Для архиепископа Нила проблема была не столько в самом крещении, распространении веры, сколько в поддержании ее. Тунгусы и монголы, по его словам, «в бродячем и рассеянном образе жизни терялись из вида и тонули, можно сказать, в море лесов». Он задавался вопросом о том, не делает ли это бескрайние просторы тайги сродни хаосу, о котором писал Овидий Назон (древнеримский поэт)? Вот эта цитата: «Природа вид одна имела, вид массы грубой и стройной, до смены веществ бессвязная, недружная». Для него это такое «состояние природы».

«Состояние природы»

Для меня очевидны две вещи. Прежде всего тут существует два нарратива, — власти и государства, — проблематикой которых занимается Гоббс. Это нарративы государственного порядка (или, например, христианизации как такого порядка). Они описывают волевое усилие, направленное на создание этого порядка, и, казалось бы, сначала все идет гладко и хорошо.

С другой стороны, существует другой нарратив, в рамках которого директор совхоза или этот архиепископ кивают и говорят «ну что ж ты хотел, это ведь как зимник». В этом нарративе не требуется волевых усилий, все идет само по себе в вялотекущем хаосе, представляющем собой если и не «состояние природы», то состояние отношений, характеризующееся совершенно иными взаимоотношениями, где этот хаос виден очень легко — его не нужно создавать, он уже есть. Он существует, несмотря на попытки принести туда христианство в XIX веке или попытки установить там в XX веке различные формы советского и постсоветского государственного порядка.

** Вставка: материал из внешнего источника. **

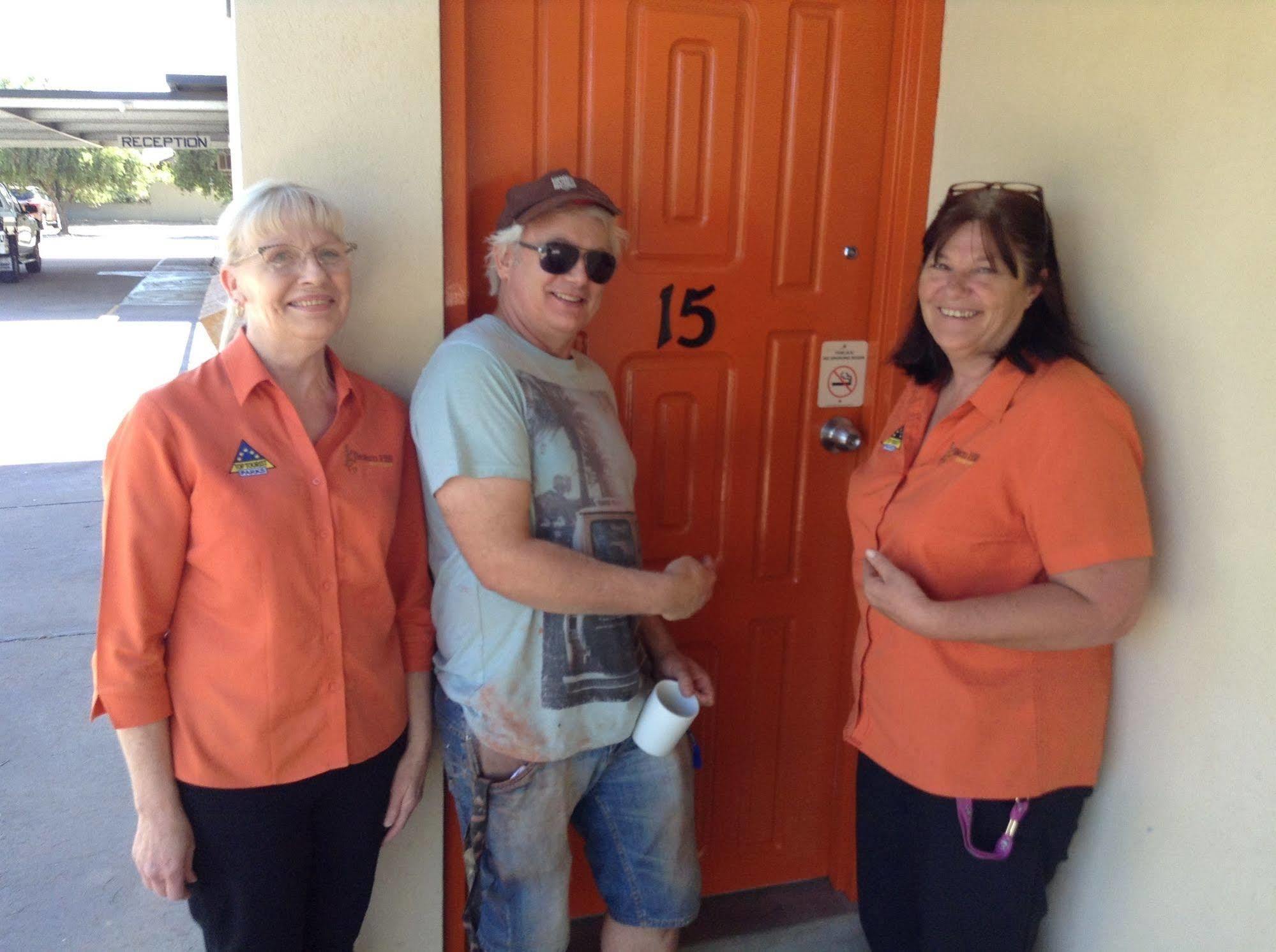 Sturt 3* Broken Hill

В то время когда я разговаривал с директором совхоза, Черномырдин еще не произнес своей знаменитой фразы о том, что мы хотели как лучше, а получилось как всегда, но примерно он имел в виду это же самое. «Как всегда» — это очень интересная вещь. С одной стороны, в Сибири существует «состояние природы» «как всегда», неизменяемой природы отношений, человека. Для директора совхоза, для бюрократов, время является вечностью, постоянным хаосом. Это же является и нарративом государства, ведь эти слова говорит не Владимир, который смылся в лес.

Директор неслучайно говорил со мной о зимниках — эти люди склонны суммировать то, что они хотят сказать при помощи таких образов. Если это так, то директору и администрации нужно паковать чемоданы и уезжать. Но никто не уезжает, поскольку «состояние природы» — это тоже нарратив государства, это та история, которую государство рассказывает либо само себе, либо мне, антропологу. Все это согласуется с тем, что пишет Гоббс, о том, что, поскольку есть такое «состояние природы», государство и необходимо. Только на этого директора совхоза возлагается вся надежда на установление хоть какого-нибудь порядка, хотя и я, и директор, и Владимир знают, что «Левиафана», порядка не будет.

И нарратив «состояния природы», и нарратив построения государства повествуют не о законченном мире, не об установленном порядке. Они обоснуют необходимость самого директора совхоза в этом месте (ведь если бы не этот хаос, он бы не был тут нужен). Он нуждается и в нарративе порядка, который может быть когда-то создан, но ему также подходит нарратив о том, что на самом деле это бесконечная история и порядок недостижим.

Один красноярский журналист в 70-е годы писал о домах, которые превращаются в руины еще до того, как заканчивается стройка. Когда я это прочитал, то вывел формулировку о порядке, который необходимо поддерживать как зимник и одновременно он представляет собой такой дом, о котором «никогда не знаешь, то ли он еще не достроен, то ли уже представляет собой развалины». То есть это порядок, который будет, или это порядок, который был в прошлом?